[Captioned web images]
* * *

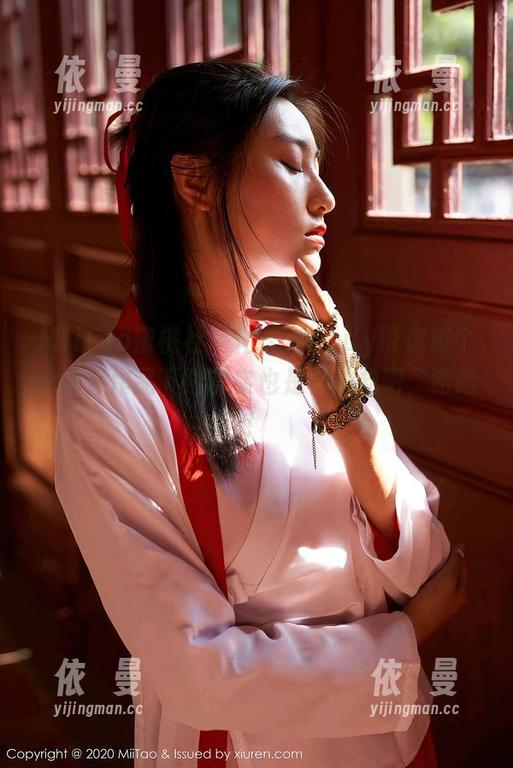 MiiTao蜜桃社 - 陌子Mandy带你租个泳池，作品下载其实也是种放松吧，哈哈！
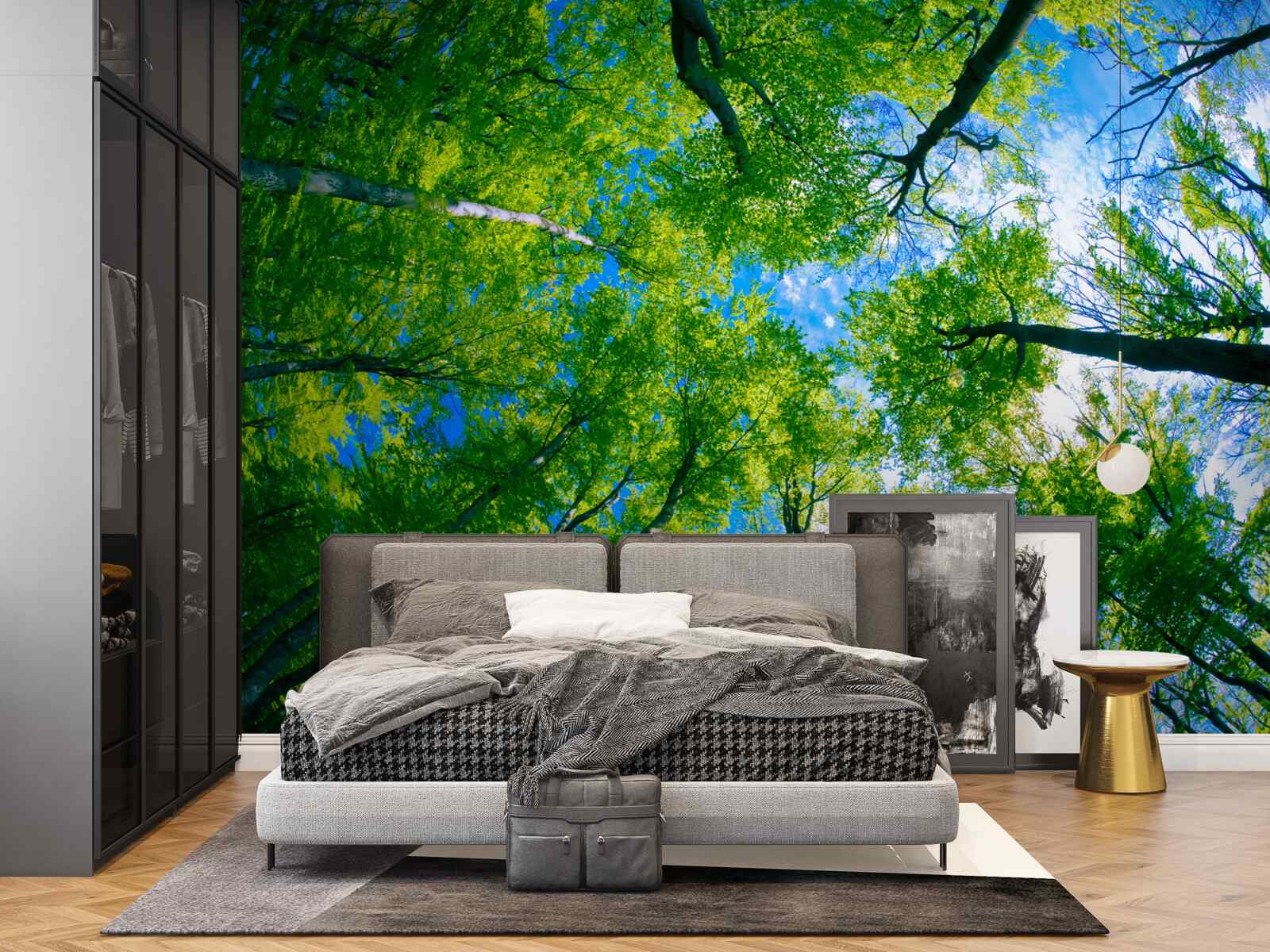 Fotobehang smaragdgroen bos met een blauwe lucht op de achtergrond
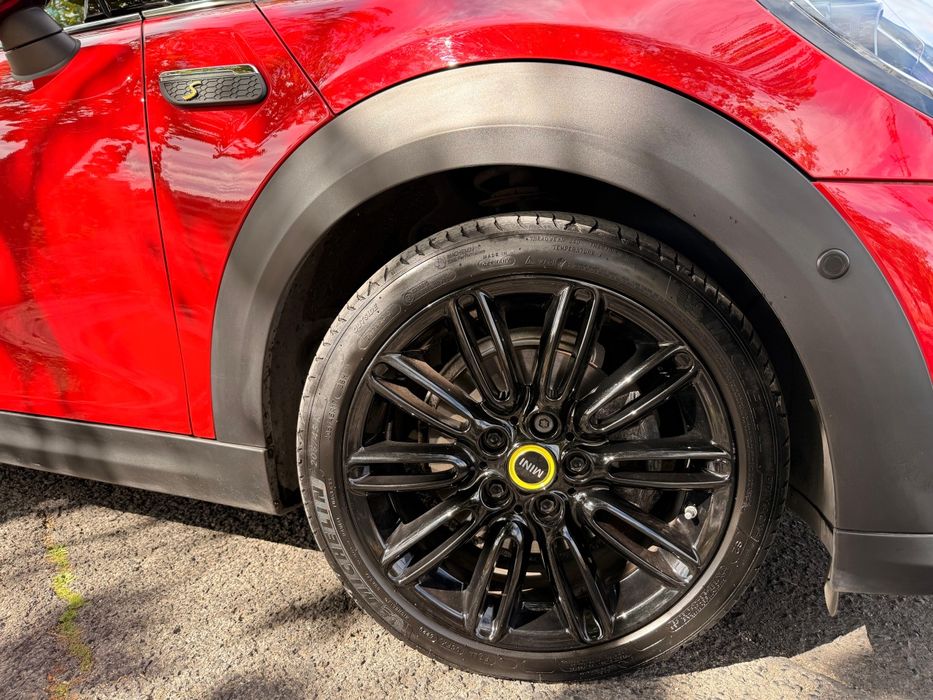 Mini Cooper SE Yours - IVA dedutível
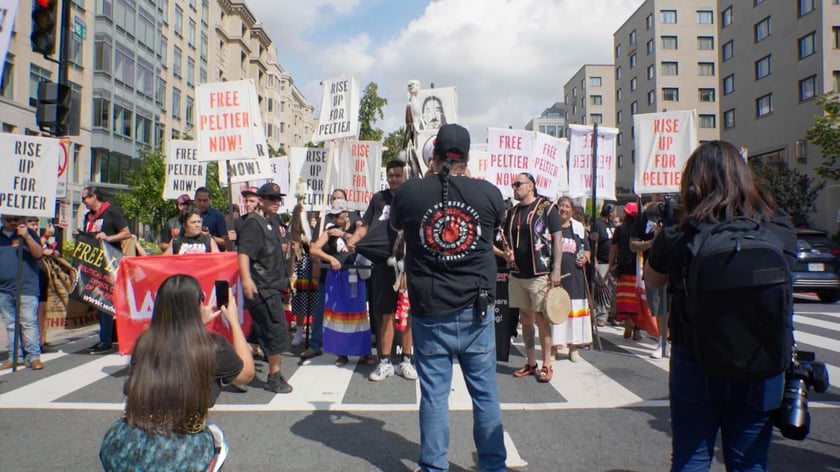 Kadr z filmu Uwolnić Leonarda Peltiera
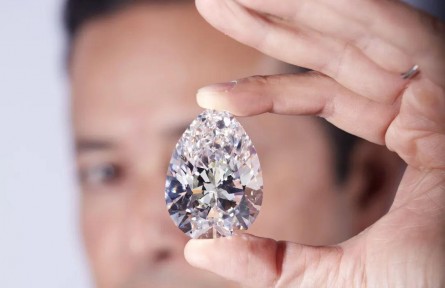 228.31克拉梨形鉆石亮相佳士得日內(nèi)瓦拍賣,成交價(jià)約1.48億人民幣!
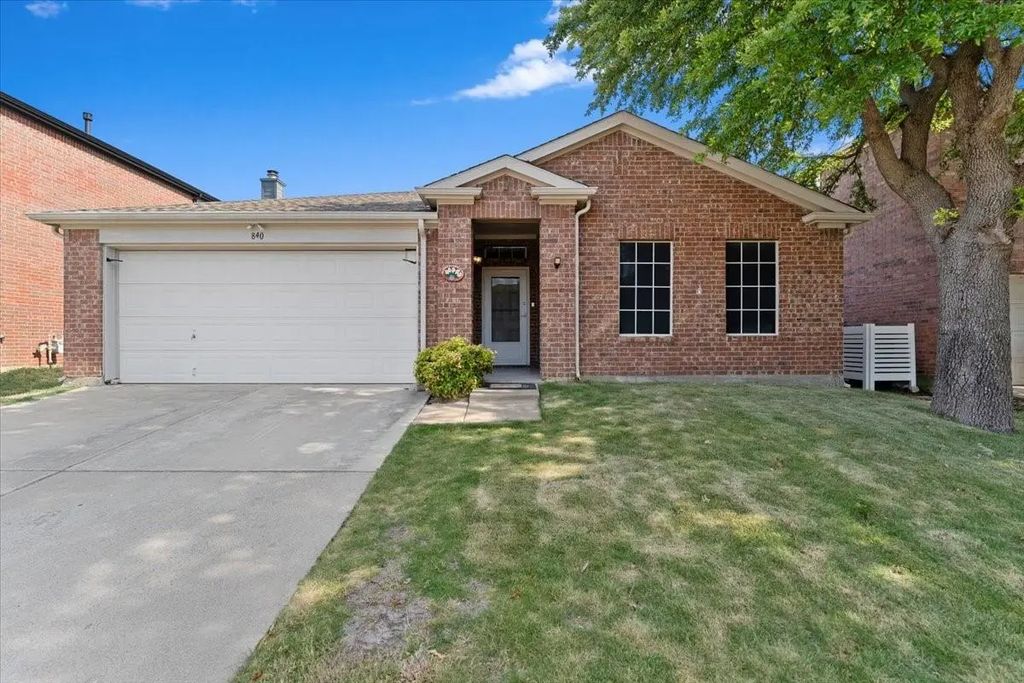 840 Big Sky Lane, Saginaw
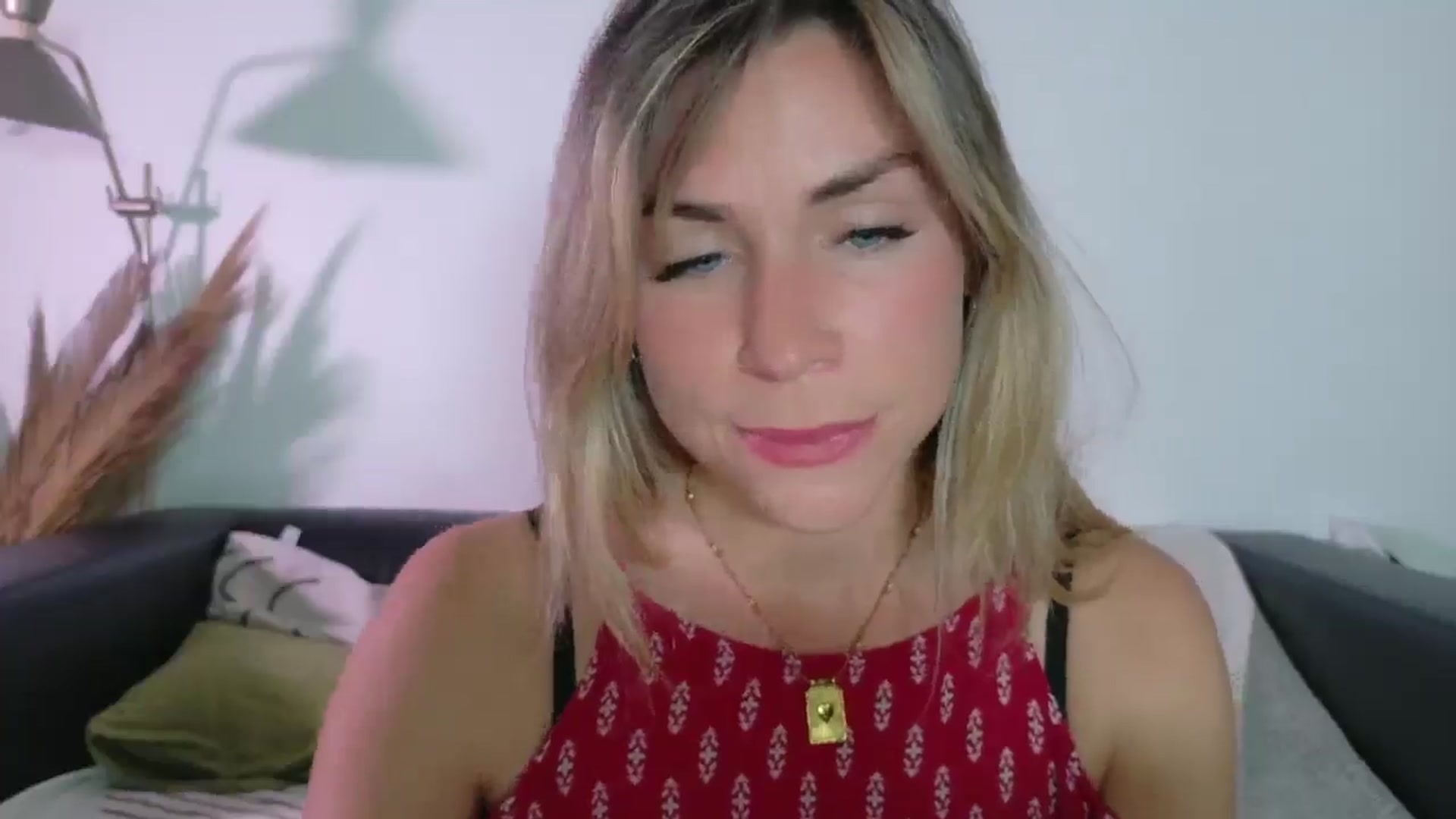 Gallery image thumbnail from Alicewonder1's myfreecams stream on, 05/13/2025, 18:57 image 13 of 20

* * *

The finished copy should match the data above word for word and contain no pictures.

▶ Solution
 MiiTao蜜桃社 - 陌子Mandy带你租个泳池，作品下载其实也是种放松吧，哈哈！
 Fotobehang smaragdgroen bos met een blauwe lucht op de achtergrond
 Mini Cooper SE Yours - IVA dedutível
 Kadr z filmu Uwolnić Leonarda Peltiera
 228.31克拉梨形鉆石亮相佳士得日內(nèi)瓦拍賣,成交價(jià)約1.48億人民幣!
 840 Big Sky Lane, Saginaw
 Gallery image thumbnail from Alicewonder1's myfreecams stream on, 05/13/2025, 18:57 image 13 of 20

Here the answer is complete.